* **Goal of the exercise**
Your job with the data below is to output exactly the lines from the one holding "Lentejas Lange Capuchon" down to the one holding "Easter Wooden Tomb Decoration", both included, and no others.

§ §

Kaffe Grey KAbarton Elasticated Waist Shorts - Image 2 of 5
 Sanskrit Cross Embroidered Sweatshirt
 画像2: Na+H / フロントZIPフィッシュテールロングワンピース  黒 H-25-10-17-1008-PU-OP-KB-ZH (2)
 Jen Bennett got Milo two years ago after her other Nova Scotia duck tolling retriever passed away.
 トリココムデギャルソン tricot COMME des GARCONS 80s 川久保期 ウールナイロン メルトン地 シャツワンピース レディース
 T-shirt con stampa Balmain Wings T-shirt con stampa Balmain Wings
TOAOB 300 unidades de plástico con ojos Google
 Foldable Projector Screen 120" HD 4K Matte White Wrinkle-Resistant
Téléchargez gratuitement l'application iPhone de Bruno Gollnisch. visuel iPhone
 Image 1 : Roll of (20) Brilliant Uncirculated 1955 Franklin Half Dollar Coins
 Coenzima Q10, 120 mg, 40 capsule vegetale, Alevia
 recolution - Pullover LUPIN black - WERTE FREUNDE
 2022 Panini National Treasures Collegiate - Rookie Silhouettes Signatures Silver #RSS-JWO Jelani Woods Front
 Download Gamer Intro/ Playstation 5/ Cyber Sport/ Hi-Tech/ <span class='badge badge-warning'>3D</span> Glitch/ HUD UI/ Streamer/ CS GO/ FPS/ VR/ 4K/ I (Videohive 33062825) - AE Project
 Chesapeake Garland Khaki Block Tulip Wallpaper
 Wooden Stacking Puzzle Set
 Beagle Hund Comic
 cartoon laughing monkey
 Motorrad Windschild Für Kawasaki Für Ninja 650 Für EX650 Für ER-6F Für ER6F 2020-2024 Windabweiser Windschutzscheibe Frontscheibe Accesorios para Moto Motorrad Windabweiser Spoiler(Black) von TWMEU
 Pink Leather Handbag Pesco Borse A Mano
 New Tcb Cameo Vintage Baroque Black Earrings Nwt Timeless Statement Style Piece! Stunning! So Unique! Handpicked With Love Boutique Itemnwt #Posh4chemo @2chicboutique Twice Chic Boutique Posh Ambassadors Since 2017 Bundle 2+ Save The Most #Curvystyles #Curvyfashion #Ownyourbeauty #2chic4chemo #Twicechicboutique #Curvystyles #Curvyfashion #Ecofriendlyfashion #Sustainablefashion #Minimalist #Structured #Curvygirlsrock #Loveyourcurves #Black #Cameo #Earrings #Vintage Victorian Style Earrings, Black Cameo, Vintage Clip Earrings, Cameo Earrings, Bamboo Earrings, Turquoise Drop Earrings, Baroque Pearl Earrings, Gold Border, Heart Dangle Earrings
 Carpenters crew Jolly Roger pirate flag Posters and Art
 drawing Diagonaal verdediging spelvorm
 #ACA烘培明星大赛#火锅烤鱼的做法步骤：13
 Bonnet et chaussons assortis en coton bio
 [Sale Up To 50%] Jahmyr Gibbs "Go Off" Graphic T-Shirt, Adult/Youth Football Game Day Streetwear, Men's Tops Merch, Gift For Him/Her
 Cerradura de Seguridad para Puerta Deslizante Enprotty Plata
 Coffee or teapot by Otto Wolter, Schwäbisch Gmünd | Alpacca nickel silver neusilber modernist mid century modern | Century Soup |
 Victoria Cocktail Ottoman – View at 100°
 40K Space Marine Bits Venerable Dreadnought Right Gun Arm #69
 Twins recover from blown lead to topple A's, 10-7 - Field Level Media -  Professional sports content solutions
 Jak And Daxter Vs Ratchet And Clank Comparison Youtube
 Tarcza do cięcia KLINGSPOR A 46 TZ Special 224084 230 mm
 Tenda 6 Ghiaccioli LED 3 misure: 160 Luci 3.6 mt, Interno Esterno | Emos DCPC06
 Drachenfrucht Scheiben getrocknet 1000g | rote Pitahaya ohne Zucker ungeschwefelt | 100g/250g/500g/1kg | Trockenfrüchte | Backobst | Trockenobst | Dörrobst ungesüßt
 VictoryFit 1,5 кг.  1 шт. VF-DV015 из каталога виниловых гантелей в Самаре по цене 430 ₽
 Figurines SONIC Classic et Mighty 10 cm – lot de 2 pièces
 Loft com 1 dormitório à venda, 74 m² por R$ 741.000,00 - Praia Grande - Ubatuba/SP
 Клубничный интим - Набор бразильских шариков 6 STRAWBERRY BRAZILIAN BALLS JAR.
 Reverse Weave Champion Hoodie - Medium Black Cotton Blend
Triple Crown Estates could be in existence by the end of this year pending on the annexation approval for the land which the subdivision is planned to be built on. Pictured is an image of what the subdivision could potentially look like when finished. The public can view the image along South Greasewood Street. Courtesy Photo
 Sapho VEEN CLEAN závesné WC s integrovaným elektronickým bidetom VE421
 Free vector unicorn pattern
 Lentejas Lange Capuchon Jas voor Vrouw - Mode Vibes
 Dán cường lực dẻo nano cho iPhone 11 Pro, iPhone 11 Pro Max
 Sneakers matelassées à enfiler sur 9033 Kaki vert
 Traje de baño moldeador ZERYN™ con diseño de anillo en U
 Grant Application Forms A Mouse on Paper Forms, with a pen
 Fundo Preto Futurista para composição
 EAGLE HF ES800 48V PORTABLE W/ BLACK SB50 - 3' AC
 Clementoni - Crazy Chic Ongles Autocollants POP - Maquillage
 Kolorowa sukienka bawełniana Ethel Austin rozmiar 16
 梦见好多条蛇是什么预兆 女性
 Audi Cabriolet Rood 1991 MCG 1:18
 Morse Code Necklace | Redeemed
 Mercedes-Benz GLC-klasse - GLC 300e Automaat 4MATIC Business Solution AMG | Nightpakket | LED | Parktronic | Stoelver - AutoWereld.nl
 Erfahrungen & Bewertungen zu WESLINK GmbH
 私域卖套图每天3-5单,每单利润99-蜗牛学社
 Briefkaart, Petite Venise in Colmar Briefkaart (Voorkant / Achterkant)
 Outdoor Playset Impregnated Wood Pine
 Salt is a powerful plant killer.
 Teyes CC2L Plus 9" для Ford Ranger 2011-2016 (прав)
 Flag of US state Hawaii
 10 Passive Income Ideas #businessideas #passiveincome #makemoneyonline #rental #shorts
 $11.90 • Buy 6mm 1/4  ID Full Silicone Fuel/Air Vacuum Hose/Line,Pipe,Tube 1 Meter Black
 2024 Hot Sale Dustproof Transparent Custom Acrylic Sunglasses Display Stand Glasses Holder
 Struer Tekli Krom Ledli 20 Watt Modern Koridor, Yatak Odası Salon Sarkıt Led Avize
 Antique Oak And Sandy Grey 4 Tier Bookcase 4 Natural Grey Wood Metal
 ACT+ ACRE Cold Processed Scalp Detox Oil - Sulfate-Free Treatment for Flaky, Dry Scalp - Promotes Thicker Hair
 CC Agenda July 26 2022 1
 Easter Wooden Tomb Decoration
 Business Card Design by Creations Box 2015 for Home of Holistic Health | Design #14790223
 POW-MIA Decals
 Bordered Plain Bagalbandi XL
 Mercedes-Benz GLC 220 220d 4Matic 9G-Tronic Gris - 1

§ §

* **Written solution**
 Lentejas Lange Capuchon Jas voor Vrouw - Mode Vibes
 Dán cường lực dẻo nano cho iPhone 11 Pro, iPhone 11 Pro Max
 Sneakers matelassées à enfiler sur 9033 Kaki vert
 Traje de baño moldeador ZERYN™ con diseño de anillo en U
 Grant Application Forms A Mouse on Paper Forms, with a pen
 Fundo Preto Futurista para composição
 EAGLE HF ES800 48V PORTABLE W/ BLACK SB50 - 3' AC
 Clementoni - Crazy Chic Ongles Autocollants POP - Maquillage
 Kolorowa sukienka bawełniana Ethel Austin rozmiar 16
 梦见好多条蛇是什么预兆 女性
 Audi Cabriolet Rood 1991 MCG 1:18
 Morse Code Necklace | Redeemed
 Mercedes-Benz GLC-klasse - GLC 300e Automaat 4MATIC Business Solution AMG | Nightpakket | LED | Parktronic | Stoelver - AutoWereld.nl
 Erfahrungen & Bewertungen zu WESLINK GmbH
 私域卖套图每天3-5单,每单利润99-蜗牛学社
 Briefkaart, Petite Venise in Colmar Briefkaart (Voorkant / Achterkant)
 Outdoor Playset Impregnated Wood Pine
 Salt is a powerful plant killer.
 Teyes CC2L Plus 9" для Ford Ranger 2011-2016 (прав)
 Flag of US state Hawaii
 10 Passive Income Ideas #businessideas #passiveincome #makemoneyonline #rental #shorts
 $11.90 • Buy 6mm 1/4  ID Full Silicone Fuel/Air Vacuum Hose/Line,Pipe,Tube 1 Meter Black
 2024 Hot Sale Dustproof Transparent Custom Acrylic Sunglasses Display Stand Glasses Holder
 Struer Tekli Krom Ledli 20 Watt Modern Koridor, Yatak Odası Salon Sarkıt Led Avize
 Antique Oak And Sandy Grey 4 Tier Bookcase 4 Natural Grey Wood Metal
 ACT+ ACRE Cold Processed Scalp Detox Oil - Sulfate-Free Treatment for Flaky, Dry Scalp - Promotes Thicker Hair
 CC Agenda July 26 2022 1
 Easter Wooden Tomb Decoration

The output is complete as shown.